Spinoffs also have a track record of outperforming the market because the new management team is freed up to control its own destiny and pursue growth that a former parent might not have allowed. Analysts project almost $200 billion in revenues this year and solid profits of $5.23 per share. At a recent share price below $40, the forward P/E is therefore appealingly low at around 7.4 [see also Crude Oil Guide: Brent Vs. WTI, What’s The Difference?].
Apache Corp (APA)
Firms such as Chesapeake and Phillips 66 are driven predominantly by trends in the U.S. energy market. This works when domestic conditions are favorable, but the drawback is that their operations can suffer during a downturn in natural gas and oil prices, such as is occurring currently. Apache Corp’s value proposition is its balanced approach among differing energy arenas and geographic diversification. For instance, while Chesapeake hustles to ramp down its capital expenditure needs due to low U.S. natural gas prices, Apache only counts on the United States for about 40% of its annual production. The aggregation of Egypt, the North Sea, Australia and Argentina account for 45% of production, with Canada making up the rest.

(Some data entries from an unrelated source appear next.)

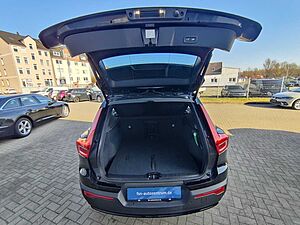 Volvo  B3 2WD Plus Dark
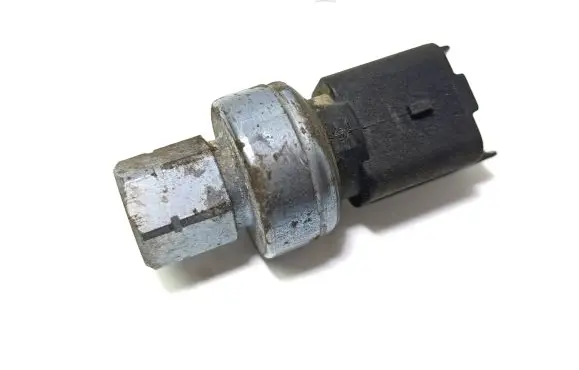 Air conditioning (A/C) pressure sensor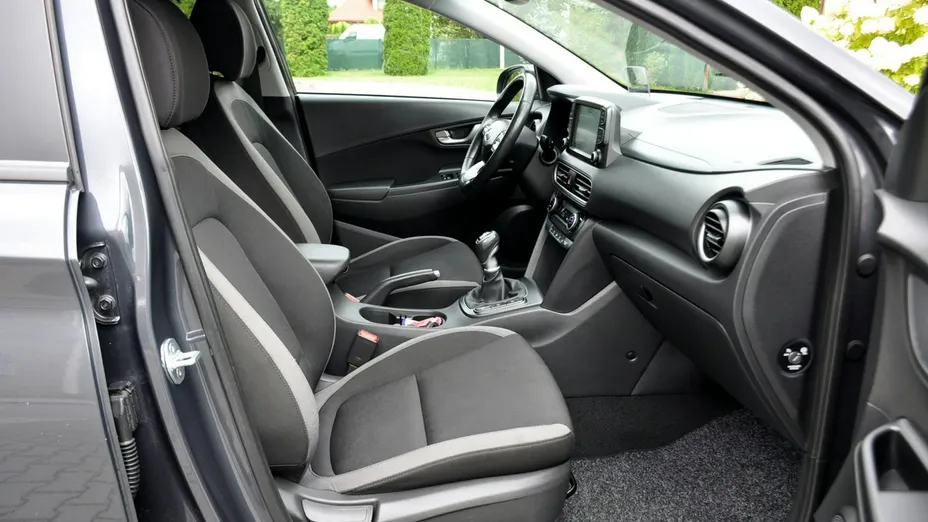 HYUNDAI Kona -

This balanced approach flows through to Apache’s management style. It generally keeps its capex needs below the cash it generates annually. Debt is also among the lowest in its peer group. This balanced, disciplined approach has resulted in annualized production of 13% since 1992. This has translated into similar levels of sales and profit growth in recent years. For the full year, analysts project more modest sales growth of 4.4% and profits of $10.70 per share. This puts the forward P/E in bargain-basement territory at below 8 [see also The Five Minute Guide To Oil ETFs].
Exxon Mobil (XOM)
As one of the largest and most diversified firms in the industry, energy giant Exxon Mobil has something to offer nearly every investor. Its current dividend yield is 2.6%, which also exceeds the current overall stock market yield. More importantly, its management team has a reputation as one of the savviest and most successful capital allocators in the business. This is key in an industry that requires upfront investments as high as in the billions of dollars and for projects that can take many years to build out before they start seeing a return on their investment.

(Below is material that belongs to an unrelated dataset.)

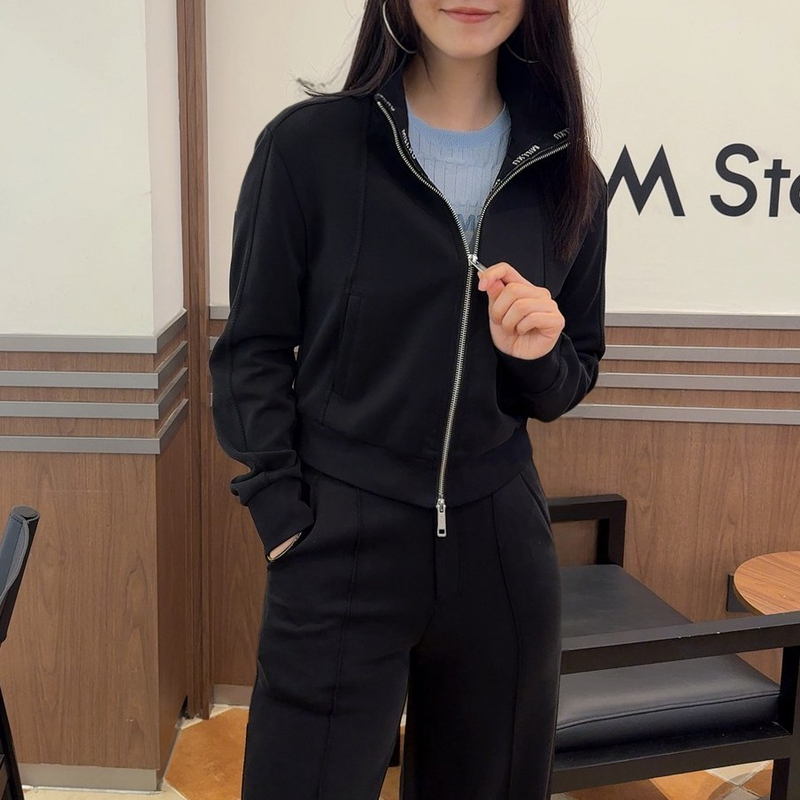 现货特价UTI卫衣外套短款黑色百搭，潮流必备！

Exxon Mobile recently saw its earnings hit by record-low natural gas prices and total production fell 5.5% from the previous year. However, earnings rose by more than 50% to $15.9 billion, which benefitted from asset sales. Analysts project a slight sales decline of 4% for the full year and total sales of almost $470 billion, but steady profit levels of nearly $7.60 per share. This puts the forward P/E in very reasonable territory at right around 11 [see also 25 Ways To Invest In Crude Oil].
Disclosure: No positions at time of writing.